После просмотра одного довоенного кинофильма Сталин предлагает всем присутствующим попробовать русского шампанского. Повернувшись к Пуйяду, он говорит:

— Я люблю французских солдат.

Затем он подзывает генерала Яковлева, и между ними завязывается оживленная беседа о боевом применении авиации. Пуйяд восторгается самолетом Як-3, который, по его словам, превосходит все немецкие машины. Он, однако, сомневается, можно ли установить на этом истребителе более мощные пушки. Мощности вооружения он предпочитает лучшую маневренность. Сталин, который только что прославлял артиллерию, рассматривает самолет как «воздушную батарею». Он забрасывает Пуйяда вопросами. Француз определенно смущен, но по-прежнему возвращается к разговору о маневренности «яка», которая, то его словам, не позволяет усилить огневую мощь истребителя.

— Мы будем все-таки экспериментировать, — настаивает Сталин.

— Я высказываю свое мнение, — защищается Пуйяд, — мнение летчика-истребителя.

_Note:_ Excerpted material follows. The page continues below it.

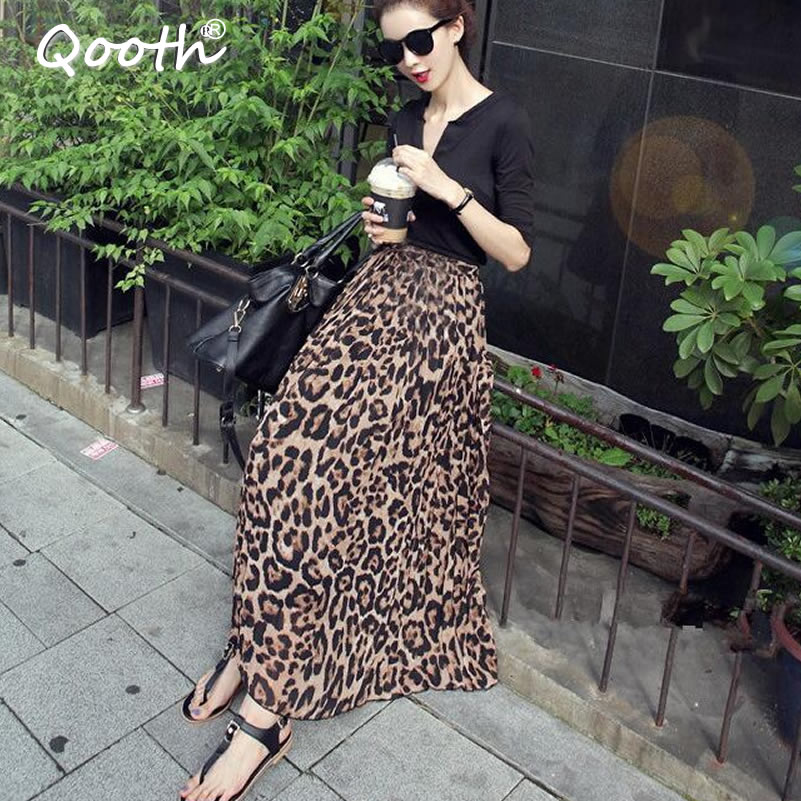 Qooth sommar höst kvinnor lång leopardkjol elastisk midja chiffong veckade kjolar casual maxi beach tryckt kjol  df650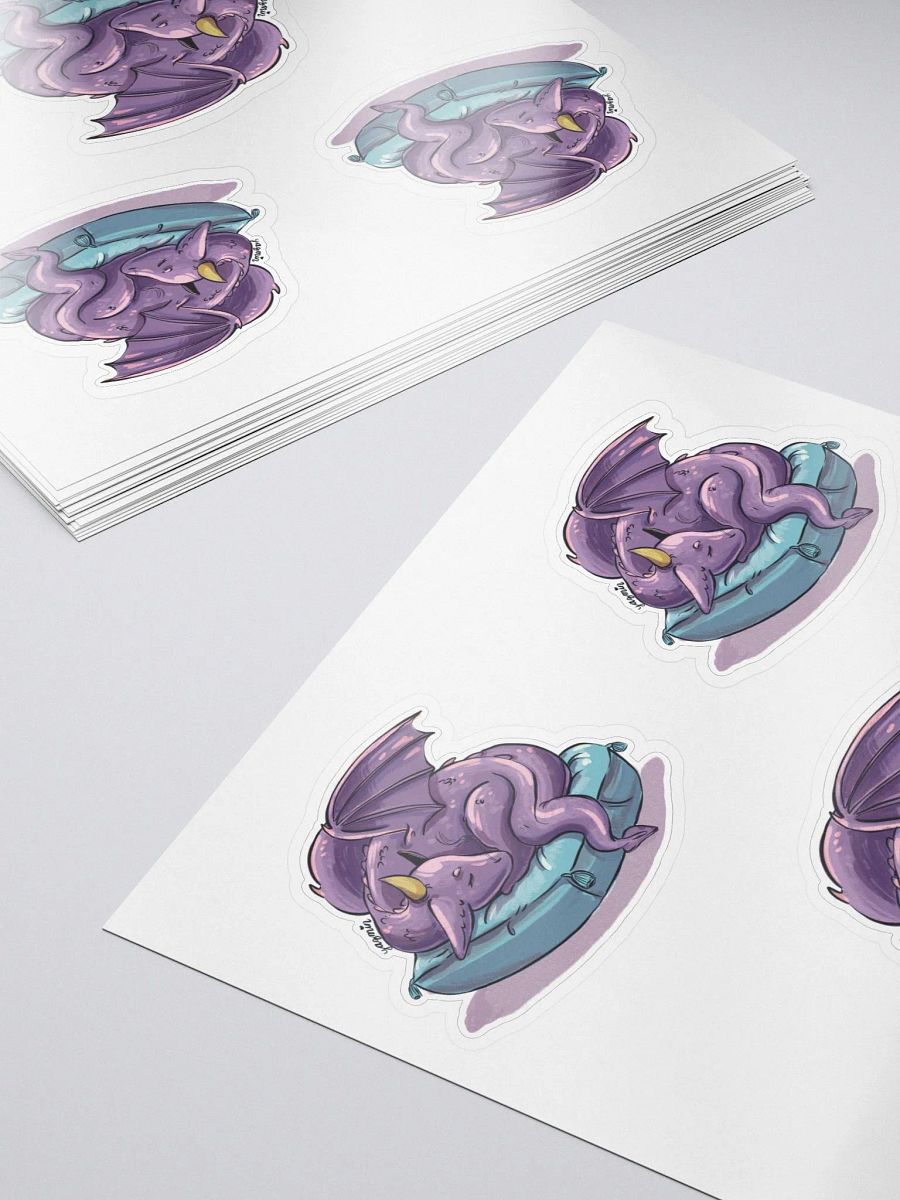 Young Dragon Sleeping on Pillow Sticker Set - Whimsical Fantasy Decals product image (5)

— Мне хотелось бы осуществить на практике, — продолжает Сталин, — такую концентрацию огня крупного авиасоединения, эшелонированного по высоте и состоящего из самолетов с различным вооружением, которая помешала бы истребителям противника приблизиться к ним.

Пуйяд охотно признает, что эта концепция превосходит его познания, базирующиеся только на боевом опыте летчика-истребителя.

Прием, устроенный маршалом Сталиным, заканчивается в половине пятого утра. Спустя несколько часов был подписан договор о союзе и взаимной помощи между Советским Союзом и Французской Республикой.

Последующие два дня были праздничными днями для полка.

В промежутках между посещениями военной миссии, возглавляемой генералом Пети, Большого театра, ресторанов «Савой», «Метрополь», коктейль-холла и неизбежной «Москвы» каждый куда-то исчезает, спешит, стараясь извлечь из каждого мгновения максимум приятного для себя. Музыка, накрытые столы, кавказские вина, танцы и другие вновь обретенные удовольствия помогают нам забыть, откуда мы прибыли и куда мы скоро возвратимся.

Но генерал Захаров торопит с отъездом тех, кто будет продолжать зимнюю кампанию в Пруссии. Другим, которые пробыли больше шестнадцати месяцев в России или больше двух лет на фронте, разрешено вернуться во Францию. Так от нас уехали Альбер, де ля Пуап, Мурье, де Сэн-Фалль, Риссо, Муане, Монье и доктор. Наконец, некоторые покидают нас по состоянию здоровья и по другим причинам: Кюффо, Амарже, Баньер, Жан Соваж, только, что получивший известие о смерти своего ребенка, Карбон, Лебра.

Должен сказать, что обратный путь был не из веселых. Московская передышка была слишком короткой, чтобы мы с радостью смогли бы согласиться вернуться к нашим «якам» в Гросс Кальвечен.

12 декабря, в восемь часов вечера, в поезде, который мчал нас в Каунас мимо полей, казавшихся еще более пустынными и более тоскливыми, многих друзей уже не было с нами. В последней зимней кампании в Восточной Пруссии принимали участие только три эскадрильи, которые с декабря 1944 года по май 1945 года пережили последние месяцы этой титанической борьбы и апофеоз победы.